CLOWN - CLuster Of Working Nodes
Christian Kirsch, Florian Lohoff, André von Raison
It had to be to the power of two, and therefore they decided on 512 computers that should be connected over a 100 MBit Ethernet. Many computers and the complete infrastructure (switches and so on) came from sponsors, the box Cluster-Sponsors contains a list; private persons could also join with their computers. It was especially exciting that it was not a homogenous network: apart from the majority of Intel machines about 60 Alphas participated as well. The project was named CLOWN: CLuster Of Working Nodes.
A lot of hardware takes up plenty of space but it does not look very pretty on television. Therefore software was needed that could demonstrate the performance of a cluster. To avoid that these special programs interfered with the software already installed Florian Lohoff initially created a special distribution that could be installed as a file on the harddisk (see ‘What on the Linux systems ran’).
PVM (Parallel Virtual Machine) coordinated the distribution of the tasks between the computers. Apart from the modifications of the actual distribution two users are needed (pvm34 and povray) to run the application. pvm34 should allow experimenting with the current developer version 3.4beta7 of PVM. The root directory of pvm34 contains a pvm3d and the demo client mtile for the distributed calculation of Mandelbrodt fractals. The current version of povray (3.02) resides on the user povray. It has been extended with an isosurface patch that is necessary for computing one of the films supplied by FH Konstanz. Here Povray demonstrated its performance while rendering different films.
To compute the films in parallel based on frames povray is called for every single picture. A program based on RPC created by Roger Butenuth (Uni Paderborn) organizes the load distribution. RPC was chosen because of its robustness and the connectionless protocol (UDP). In case of TCP the load distribution server would have to handle 512 open connections.
The program can be used for any other tasks that utilize the master-worker scheme. The fact that it allows rebooting with the information from a state file after a crash adds to its robustness. The server sends all tasks that a client does not deliver in time to a different computer. An awk script generates the command lines on the server. When a number of a work packet is entered it only needs to reply with a command line for this packet. After the television night the load distributor will be published under GPL.

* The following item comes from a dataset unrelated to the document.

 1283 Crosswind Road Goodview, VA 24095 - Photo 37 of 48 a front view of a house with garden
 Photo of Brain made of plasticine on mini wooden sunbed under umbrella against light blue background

The program Cactus (http://cactus.aei-potsdam.mpg.de) developed by the Albert-Einstein-Institute in Postdam took care of universal things. It solves the Einstein equations, consisting of ten non-linear, coupled hyperbolical-elliptical partial differential equations. They describe gravitational waves, black holes, neutrino stars et cetera and are some of the most complicated equations in mathematical physics. Cactus has a modular character and runs on several super computers and Unix systems. Due to network problems Cactus did not scale as well as expected on the cluster - for example with 20 nodes the scaling factor was only 0,78. During the Computer Night Cactus calculated linear gravitational waves on 32 nodes while IDL visualized the results .
Besides getting all the hard and software together a few complications arose from the mere number of machines: The power supply had to be taken care of as well as ventilating the heat created by the devices and the network needed an infrastructure capable of sufficient performance. In the end the fire brigade of Paderborn came in to control the heat: they laid large plastic pipes that blew cold winter air into the building keeping the temperature in a tolerable range between 30 and 32 Degrees Celsius ([[bild_url1] see picture]).
The cluster event is definitely a candidate for an entry in the Guinness Book of Records: in total there were up to 570 nodes active in the cluster with up to 520 computing together on films or mathematical problems as one virtual Linux supercomputer. The chances are also quite good for an entry in the Top-500 list of supercomputing. After some adaptations the necessary Linpack-Benchmark ran on an Alpha subcluster with 48 nodes. The results still need to be verified but indicate an entry around rank 250. iX will report on the details in the next issue. By the way: the Computer Night was the second largest WDR production of the year after the soccer world championship - a suitable scale for the cluster event ...